La escena del asalto a la fortaleza es lo mejor de la película, junto con su argumento, de por sí intrigante. Guillermin alterna tres secuencias, dilatando el tiempo, estirándolo como un chicle, hasta culminarlas con una ensordecedora explosión final. Por un lado, los asaltantes trepan, sigilosos como hormigas, el muro de la fortaleza; por otro, tenemos a la mujer de la película desnudándose con toda la parsimonia del mundo para distraer –cómplice-, al tercer elemento en cuestión: la guardia.
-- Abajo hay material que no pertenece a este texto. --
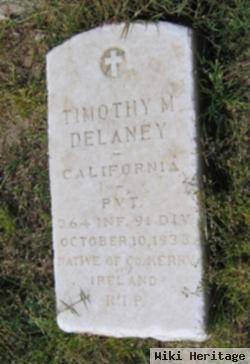 Timothy M. Delaney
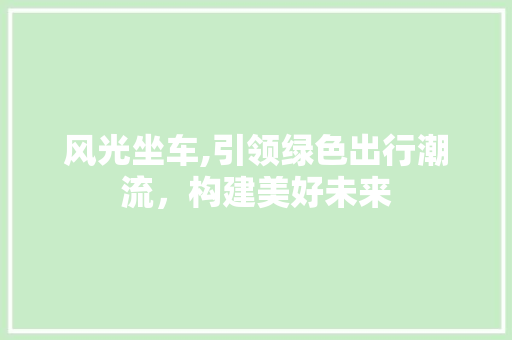 风光坐车,引领绿色出行潮流，构建美好未来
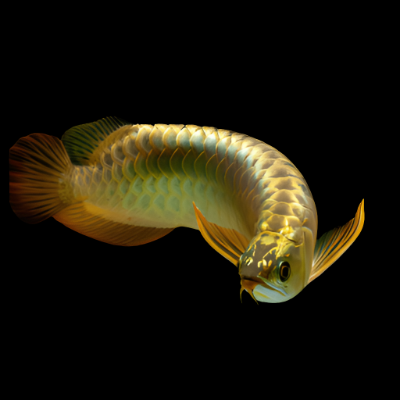 24k Gold Arowana UAE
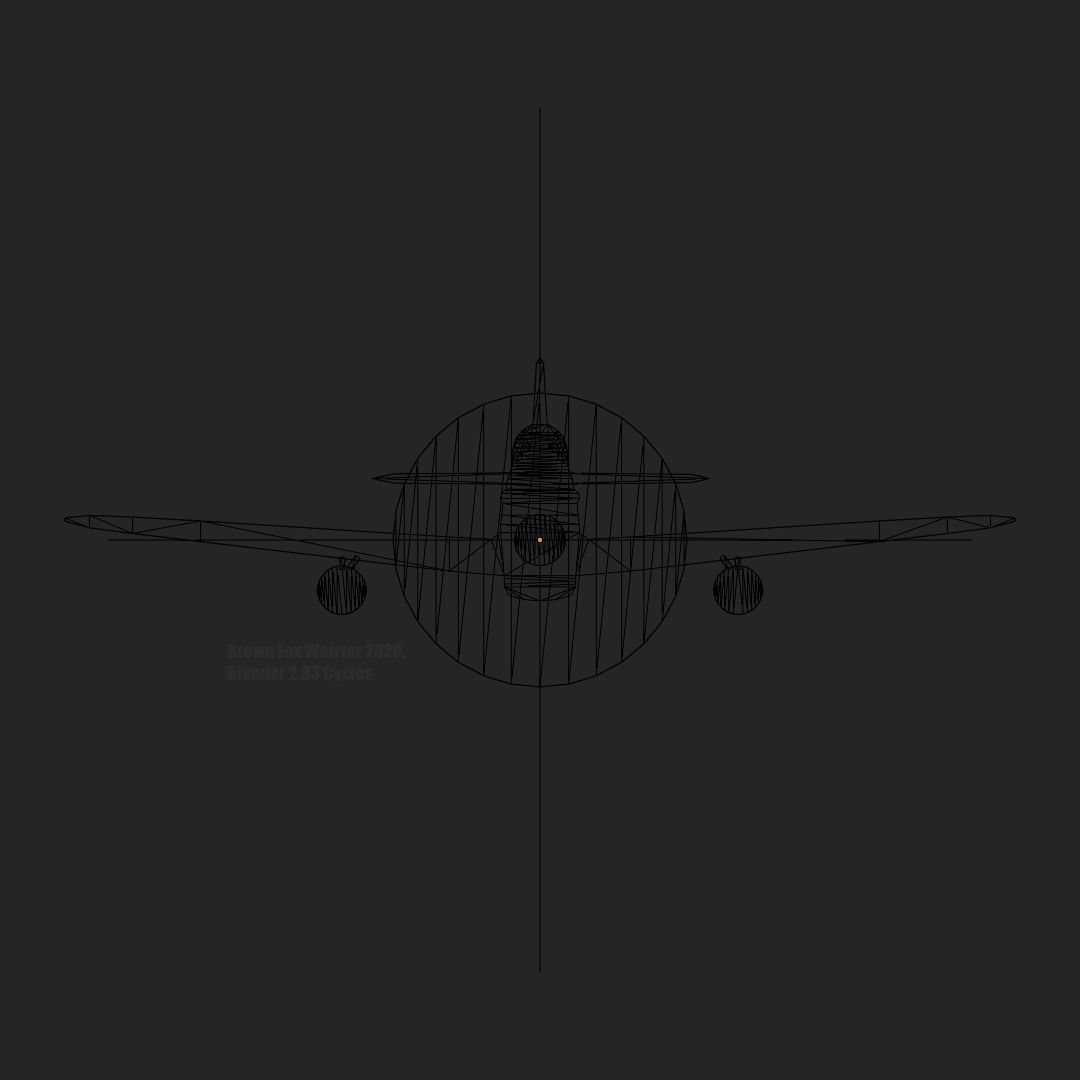P51D Mustang 2D Cutout Low-poly 3D model_2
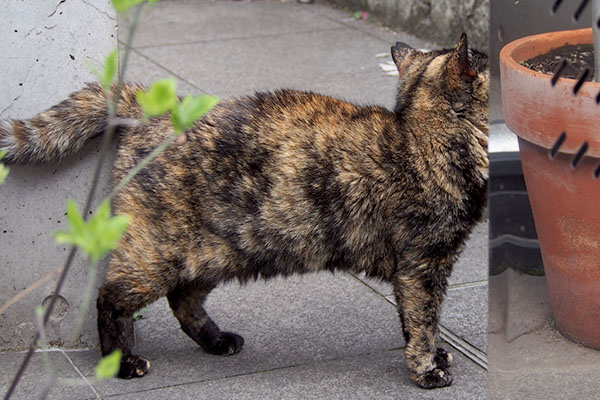 全身の毛を逆立ててサビチッチ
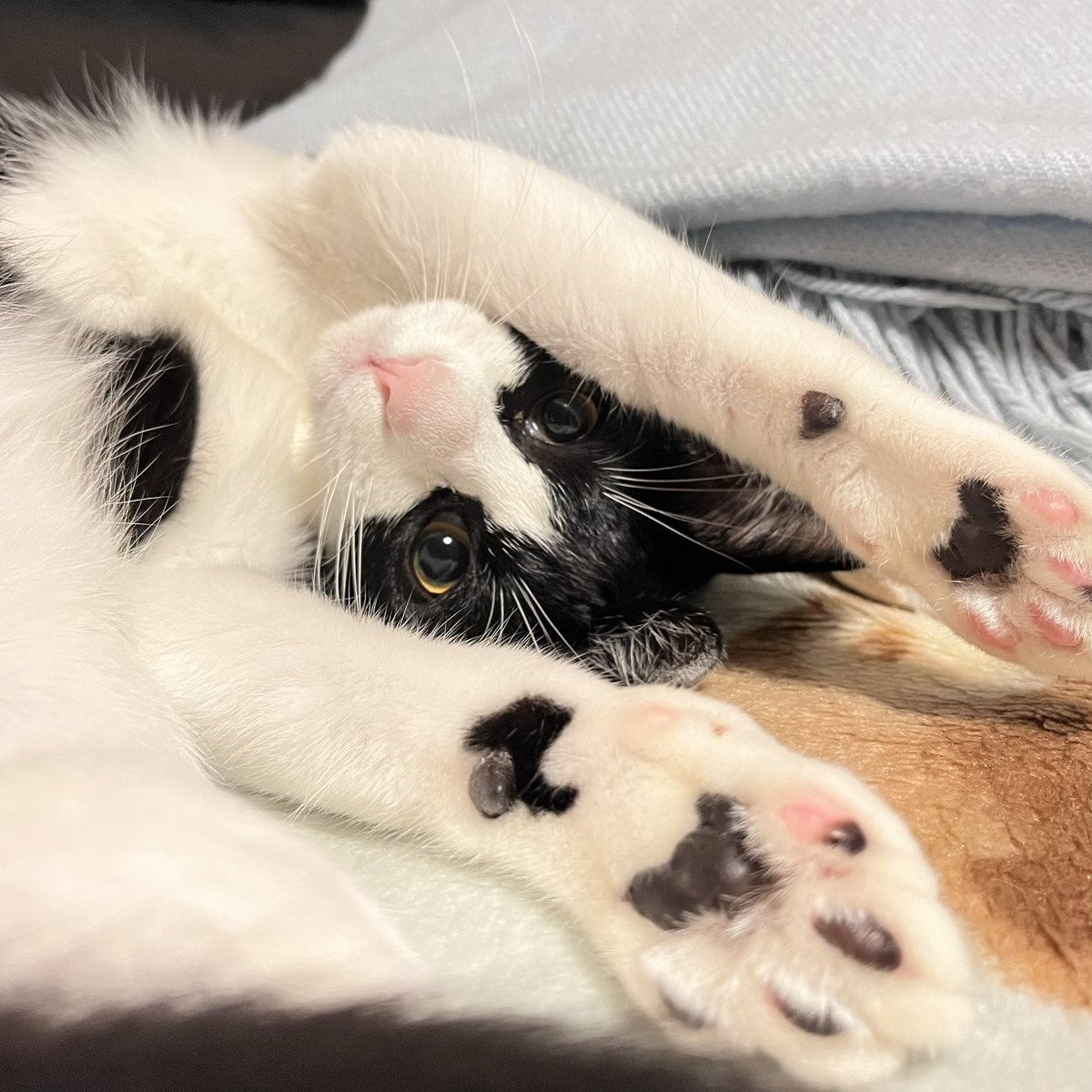 各局、おはようございます。
今週もよろしくお願いします。
1週間FBに〜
Planos cada vez más cercanos de los asaltantes, de la guardia, de la mujer: guardia mujer asaltantes; asaltantes mujer guardia: y nosotros, con los ojos enormes y expectantes. (De hecho, la horda de asaltantes mudos recuerda a Cuando ruge la marabunta (Byron Haskin, 1954): esa masa silente de insectos devoradores, preñados de un tranquilo y callado peligro, puntos lentos que avanzan sin parar, al asalto). Paralelamente, se insinúa la música por entre las escenas, inoculándoles una nueva personalidad, hasta que todo, al fin, explota. De nuevo, la dilatación del tiempo en esta escena, y la estructura tripartita de la misma (en este sentido de alternar planos de tres realidades o momentos distintos), es donde más se evidencia el papel (haroldbloomesco) de ‘poeta fuerte’ de Sergio Leone. (Pienso en el triello o duelo entre tres del final de El bueno, el feo y el malo). El director romano, aquí, ya había dirigido la mayor parte de sus westerns, y su estilo y su poética estaban bien enraizados en el imaginario colectivo. Ya había dirigido su Trilogía del Dólar y Hasta que llegó su hora. Le faltaban, para completar su obra, Agáchate, maldito y Érase una vez en América. Así, el marchamo Leone ya se veía claramente en la obra de sus contemporáneos.
Sin ser una gran película, El Cóndor te sume en un gozo y en un disfrute verdaderamente tonificantes. Tiene escenas de explosiones y tiroteos (escenas, pues, de acción), rodadas con talento y sentido del ritmo. Y un final (bastante) inesperado que no deja indiferente. Solo un detalle: plano general de Lee Van Cleef, solo, rodeado de restos de cosas rotas y aún crepitantes.
Además, las localizaciones inmejorables y un guión atractivo e imantador, y el inteligente y discreto uso de la música, pueden más, por otra parte, que los dos contrapuntos negativos que le veo a la película: la escasa iluminación y la (ya mencionada) mala interpretación de Lee Van Cleef. Así, por su buen ritmo, su argumento y la buena dirección de Guillermin, la película es un muy grato y recomendable descubrimiento.